USA Swimming ha confermato che la scelta deriva da considerazioni strategiche sulla gestione del Junior Team, privilegiando eventi ritenuti più rilevanti per lo sviluppo degli atleti. Anche Swimming Australia ha annunciato che non parteciperà alla manifestazione, orientando invece l’attività delle squadre giovanili verso i Junior Pan Pacific Championships previsti ad agosto a Vancouver.

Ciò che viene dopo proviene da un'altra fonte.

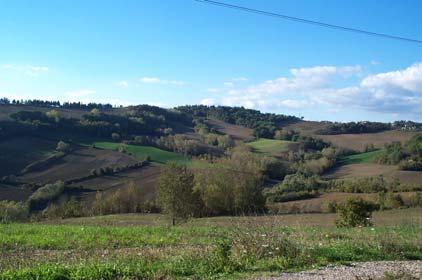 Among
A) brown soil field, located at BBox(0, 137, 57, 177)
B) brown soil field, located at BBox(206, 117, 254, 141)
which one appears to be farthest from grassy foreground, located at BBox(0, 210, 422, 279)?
brown soil field, located at BBox(206, 117, 254, 141)

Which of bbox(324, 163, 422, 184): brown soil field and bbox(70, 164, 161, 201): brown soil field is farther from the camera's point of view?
bbox(324, 163, 422, 184): brown soil field

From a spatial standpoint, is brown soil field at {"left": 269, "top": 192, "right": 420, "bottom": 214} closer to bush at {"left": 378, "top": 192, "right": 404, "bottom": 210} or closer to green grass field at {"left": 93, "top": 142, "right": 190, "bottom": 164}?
bush at {"left": 378, "top": 192, "right": 404, "bottom": 210}

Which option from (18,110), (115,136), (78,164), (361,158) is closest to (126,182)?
(78,164)

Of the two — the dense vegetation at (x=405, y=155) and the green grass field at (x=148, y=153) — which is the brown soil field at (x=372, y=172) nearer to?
the dense vegetation at (x=405, y=155)

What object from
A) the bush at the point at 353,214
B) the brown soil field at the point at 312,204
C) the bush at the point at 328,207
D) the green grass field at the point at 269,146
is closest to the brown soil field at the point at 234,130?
the green grass field at the point at 269,146

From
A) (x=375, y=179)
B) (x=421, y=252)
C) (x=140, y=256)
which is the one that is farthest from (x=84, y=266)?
(x=375, y=179)

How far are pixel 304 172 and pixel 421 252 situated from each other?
8305 cm

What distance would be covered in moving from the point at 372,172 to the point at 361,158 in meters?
15.2

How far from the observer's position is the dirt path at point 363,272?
30.8ft

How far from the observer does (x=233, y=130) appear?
13925 centimetres

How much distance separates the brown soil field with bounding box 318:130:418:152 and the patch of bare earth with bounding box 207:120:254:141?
18.9 metres

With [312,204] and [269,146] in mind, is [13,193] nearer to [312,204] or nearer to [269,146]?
[312,204]

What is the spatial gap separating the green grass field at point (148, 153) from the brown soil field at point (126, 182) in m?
6.08

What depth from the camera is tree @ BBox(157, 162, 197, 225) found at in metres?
43.7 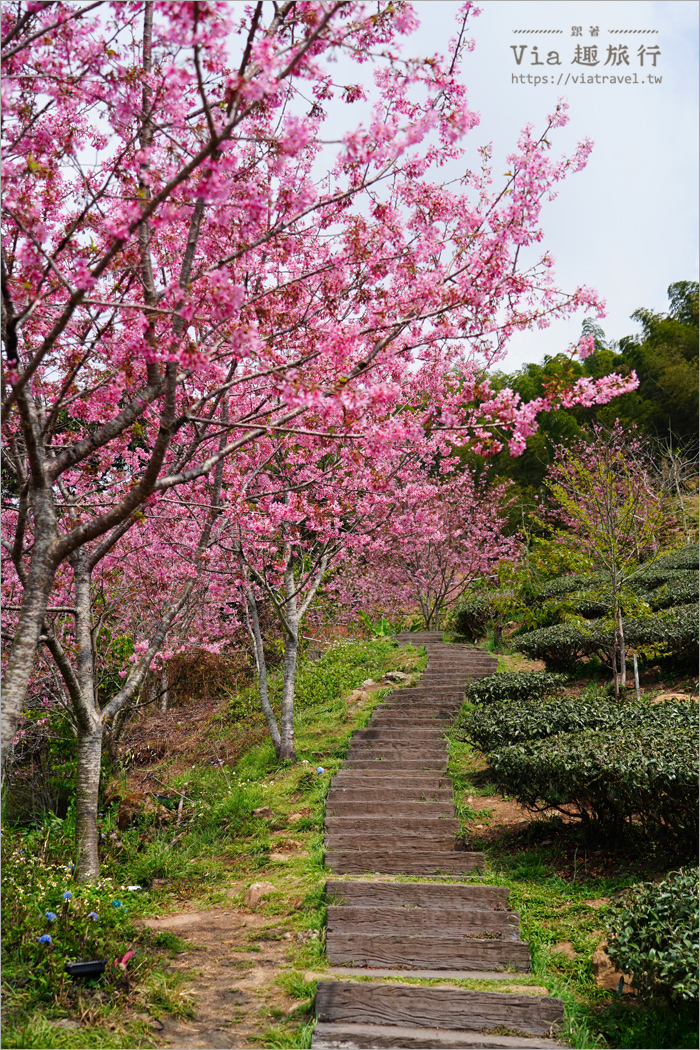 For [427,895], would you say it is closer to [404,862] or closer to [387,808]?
[404,862]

L’edizione 2026 dei Giochi Olimpici Giovanili rappresenta il ritorno della manifestazione dopo otto anni di pausa, dovuta allo slittamento dell’evento originariamente programmato per il 2022. Il format è stato profondamente modificato: la quota complessiva degli atleti è stata ridotta, il numero degli eventi è sceso a 153 e, per il nuoto, le delegazioni potranno schierare roster molto limitati, con un numero ridotto di partecipanti per nazione e senza staffette. Il programma di nuoto si svolgerà dal 1° al 6 novembre all’Egg Tower Complex di Dakar, struttura completamente rinnovata per l’occasione.
Storicamente, gli Stati Uniti non hanno mai utilizzato i Giochi Olimpici Giovanili come principale competizione di sviluppo, preferendo altre manifestazioni junior. Nelle precedenti edizioni la nazionale statunitense ha conquistato complessivamente otto medaglie nel nuoto, con il miglior risultato nel 2014 grazie alle vittorie di Hannah Moore e al successo di Clara Smiddy. Nell’ultima edizione del 2018 l’unica medaglia statunitense arrivò con Rhyan White, bronzo nei 100 dorso prima di diventare successivamente olimpionica.
Anche l’Australia vanta una tradizione significativa nella manifestazione, con 32 medaglie complessive e cinque ori nelle tre edizioni disputate. Nel 2018 fu protagonista Kaylee McKeown, che conquistò oro nei 50 dorso, argento nei 100 dorso e bronzo nei 200 dorso, dando il via a una carriera che l’ha poi portata ai vertici del nuoto mondiale.
Nonostante l’assenza delle due nazioni, i Giochi Olimpici Giovanili restano un importante trampolino di lancio internazionale: tra i protagonisti delle passate edizioni figurano campioni come Thomas Ceccon, Kristof Milak e Kliment Kolesnikov, tutti successivamente diventati vincitori olimpici e mondiali a livello assoluto.
Le modifiche strutturali introdotte dal CIO, sotto la guida della presidente Kirsty Coventry, puntano a rendere l’evento più sostenibile e maggiormente orientato alla crescita dello sport nei nuovi mercati, con un focus particolare sul continente africano e sul coinvolgimento di nuove federazioni emergenti.